L'étranger qui, muni de bonnes recommandations, visite l'Angleterre, a
l'occasion d'apprendre à connaître la vie de familles anglaises
riches et de bonne éducation. S'il veut voir autre chose ou si
l'étude qu'il se propose de faire l'y oblige, on l'autorise à
jeter un coup d'oeil furtif dans les ateliers des grandes entreprises. Ce
spectacle n'offre pour le profane qu'un intérêt relatif; le
bruit, le va-et-vient, l'activité affairée qui y règnent
abasourdissent d'abord le visiteur. Visite-t-il deux ou trois exploitations,
il éprouve alors une impression de monotonie. Par contre,
l'étude des conditions sociales que l'on peut faire à la faveur
d'un séjour même court en Angleterre excite davantage
l'imagination.
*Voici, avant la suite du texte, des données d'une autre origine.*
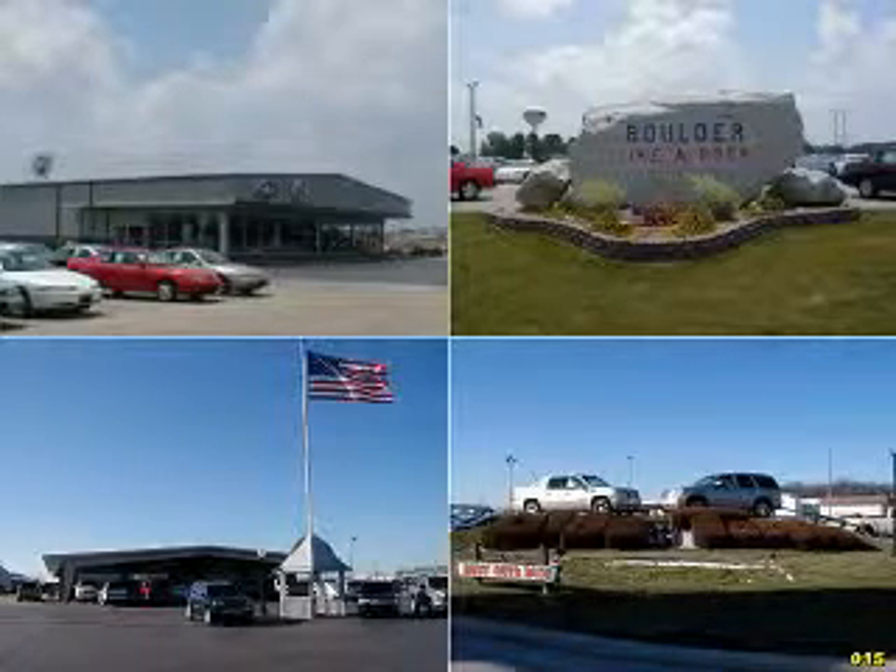Enjoy this great car with features like CD changer, leather-wrapped steering wheel, leather upholstery, keyless entry, tilt steering wheel, cruise control, power steering, and much more.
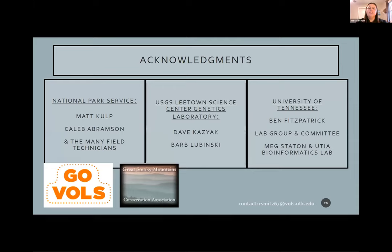I want to thank several people. Matt Culp and Caleb Aberdson have been amazing to work with in the park service, along with the fish crew and their many technicians who helped collect fin clips for DNA analysis. At USGS, Dave Kazek and Barb Lubinsky provided the older datasets as well as fin clips collected over the years, and have been excellent to work with. Here at UT, my advisor Ben Fitzpatrick spent endless hours guiding me through the analysis; my lab group and committee provided valuable feedback; and Dr. Staten on the ag campus and her bioinformatics lab helped run the simulations for this analysis.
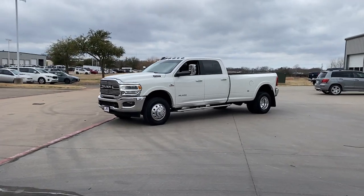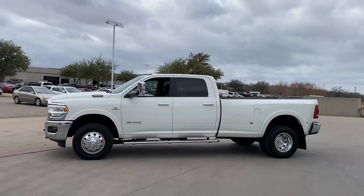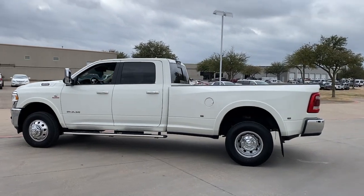Get the features you need and the comfort and style you've been hoping for. This well-equipped vehicle is an excellent value and will help you make the most of every drive. All you need to do is relax and enjoy the ride.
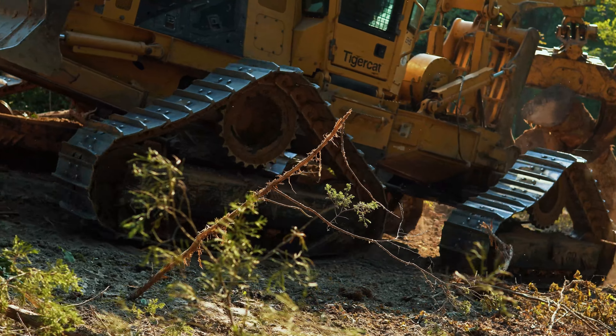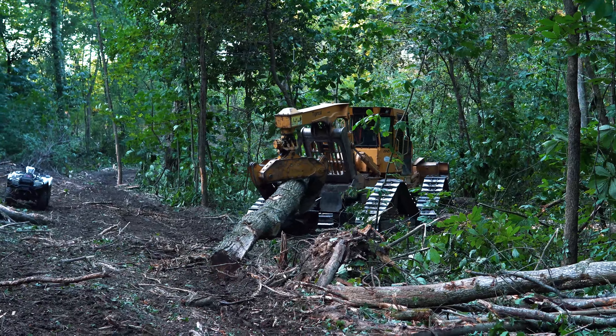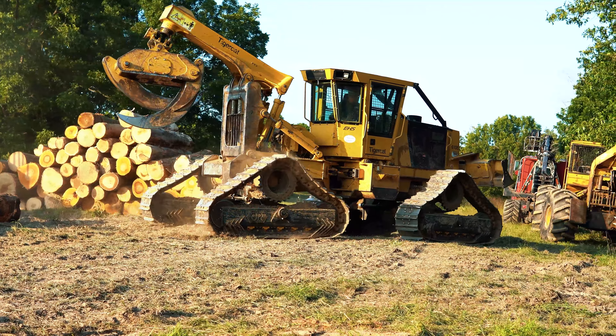Articulation over obstacles prevents the machine from bottoming out compared to tires. In soft wet conditions, the tracks lay on top of the ground compared to tires that are bearing weight below the surface.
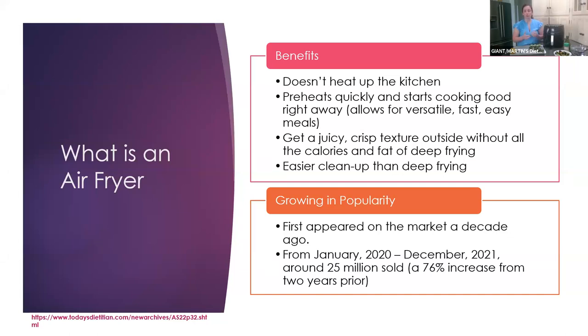These are growing in popularity, which probably everybody already knows. These first appeared on the market about a decade ago, and from January 2020 — right before COVID — to December 2021, there were around 25 million sold, about a 76% increase from two years prior. Especially during COVID when we were at home cooking more, a lot of people had more time to figure out the air fryer. Definitely still very popular even more so now from 2021.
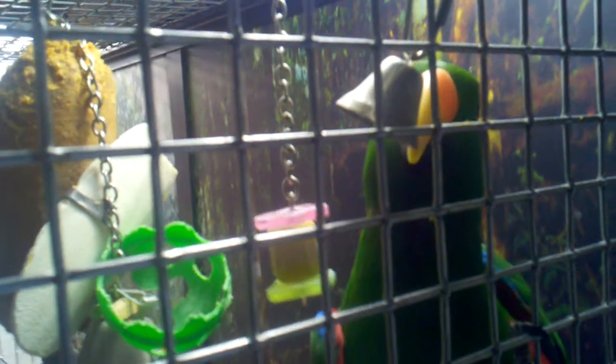You're a bad bird. Get that bell. Get the bell.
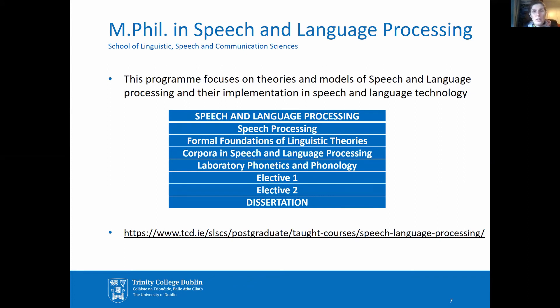Graduates of this course tend to find employment in the growing speech and language technology sector in many of the large well-known companies, as well as many smaller technology companies in this area.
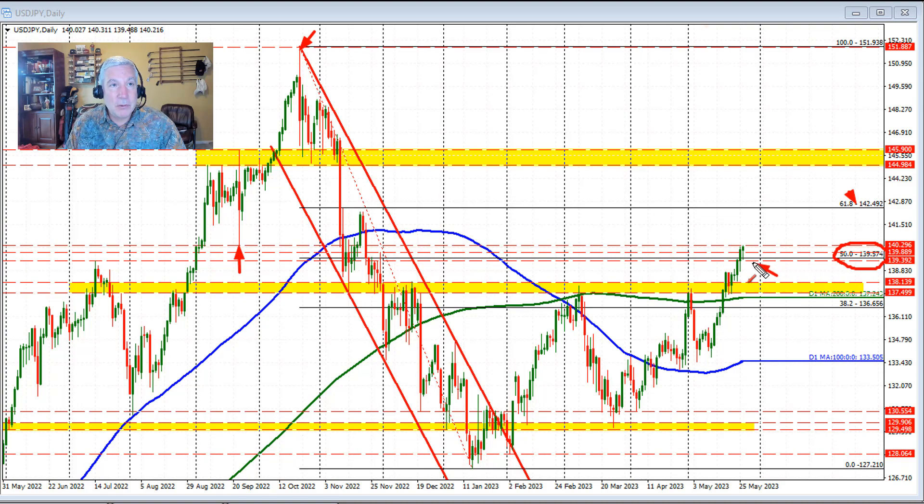The risk would be the 50% retracement level and perhaps this level at 139.39 as well, which was another swing level going all the way back to this day before the market moved to the downside. So watching the 139.57 level on the downside — if we stay above the 50% retracement, the seesaw is tilted more to the upside. The sellers had their opportunity to go below the 50% retracement, and the data put a stop to that.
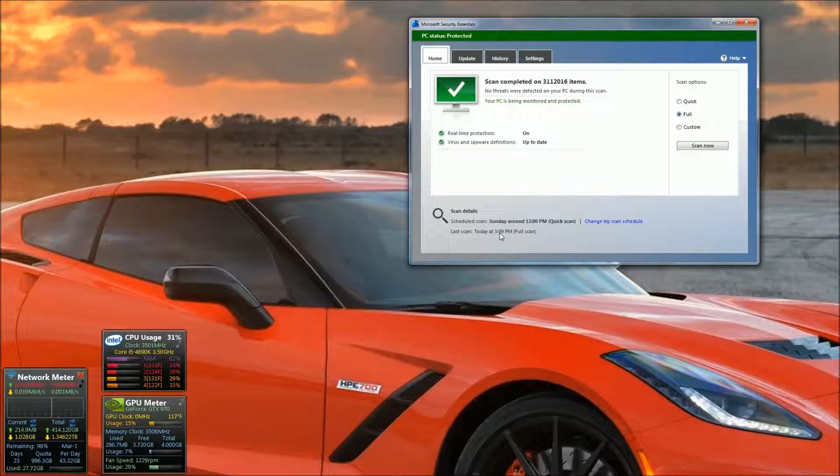I started the scan at 3:09 PM and it took about three to four hours for a full scan. Yes, I have three hard drives that are 75% full each, but they're relatively new so the RPM probably hasn't dropped. The protection was up to date, and I'm recording this on February 6th — scanned today at 3:09.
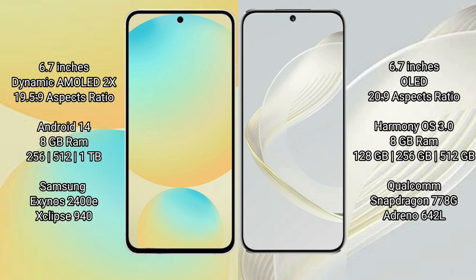Huawei Nova 11 features a 6.7-inch OLED display with an aspect ratio of 20:9. Samsung Galaxy S24 FE runs on the Android 14 operating system, while Huawei Nova 11 runs on the HarmonyOS operating system.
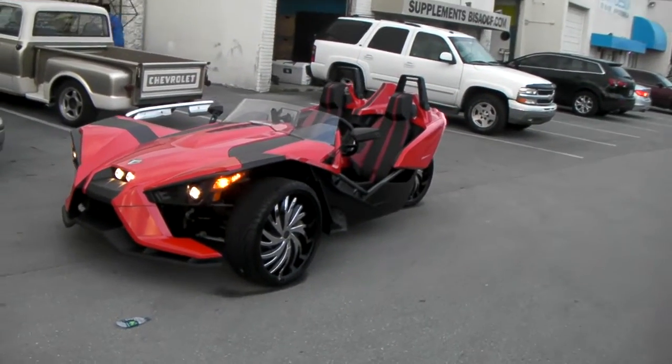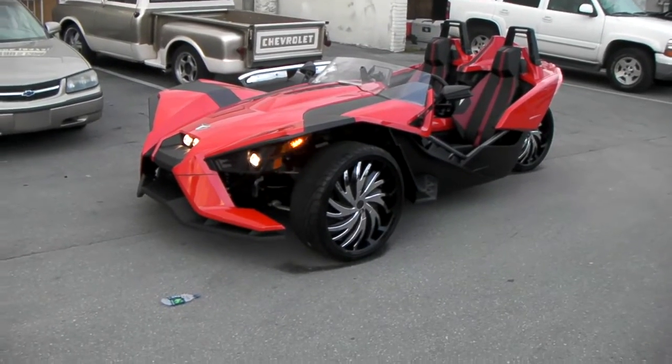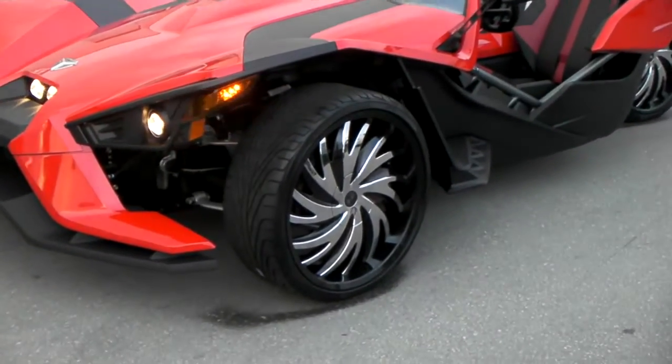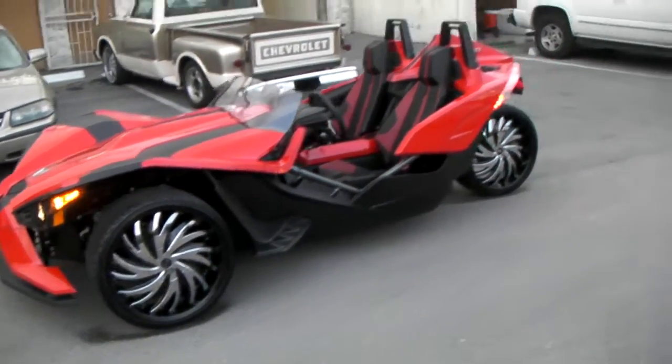Right now we're looking at the Polaris Slingshot. Got the Status Hurricane wheels on it in 22x9 with the 255/30/22 all the way around. Great looking wheel — came out nice on this vehicle.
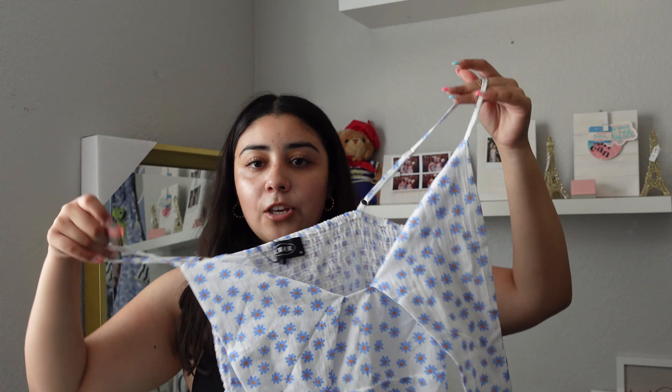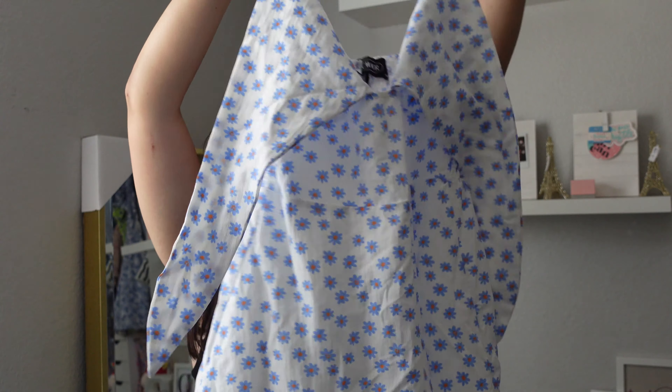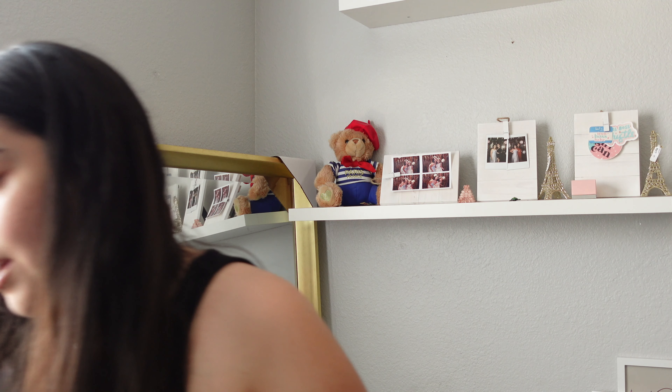Next thing I bought is this cute dress. It's basically blue and white and it has blue flowers, and I think it's really cute for back to school. It ties in the front and it's just like a little mini dress — I'm really excited to wear this. I am moving to LA so it is hot, and it'll be perfect for that.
Une promenade à travers les quartiers misérables
de Londres ou d'autres grandes villes anglaises procure au voyageur des
sensations d'autant plus vives et agit d'autant plus profondément sur
lui que par ailleurs il va de plaisir en plaisir. La visite des quartiers de
la misère et du crime est devenue ainsi un des chapitres
obligés du programme du séjour de tout bon bourgeois du
continent en Angleterre. C'est là que le futur ministre ou
économiste va glaner ses idées qui serviront pendant toute sa
vie de support à ses conceptions sociales. C'est de là qu'il
rapporte l'idée que l'industrie fait d'un côté un petit
nombre de riches et de l'autre une multitude de pauvres. Traite-t-il par la
suite des rapports industriels dans ses écrits ou dans ses discours,
il n'oublie jamais de peindre avec des détails émouvants et le
plus souvent avec une exagération plus ou moins volontaire la
misère qu'il a vue dans les bas-fonds, dans les slums.
Mais tout ce que nous apprennent ces descriptions, c'est qu'il existe des
riches et des pauvres. Or cela nous le savions déjà sans avoir
besoin de ces rapports de témoins oculaires. On n'ignorait pas que le
capitalisme n'a pas encore fait disparaître toute la misère du
monde. Ce qu'il faudrait prouver, c'est que le nombre des riches diminue sans
cesse et que la fortune de chaque riche va croissant, tandis que d'autre part
le nombre des pauvres augmente constamment et leur misère grandit.
Mais une telle démonstration exige toute une théorie économique
de l'évolution sociale.
Les tentatives faites pour démontrer au moyen de statistiques la
misère croissante des masses et l'enrichissement continuel de riches
toujours moins nombreux ne valent pas mieux que les argumentations
sentimentales dont nous venons de parler. Il n'est pas possible de se servir
ici des termes monétaires usuels parce que le pouvoir d'achat de la
monnaie varie. Ce fait à lui seul enlève toute base solide aux
calculs que l'on fait pour comparer les revenus à différentes
époques. Car dès lorsqu'il est impossible de trouver un commun
dénominateur à la valeur des différents biens et
services qui entrent dans la composition des revenus et des capitaux, il
devient impossible d'utiliser les séries statistiques des revenus et
du capital pour des comparaisons historiques.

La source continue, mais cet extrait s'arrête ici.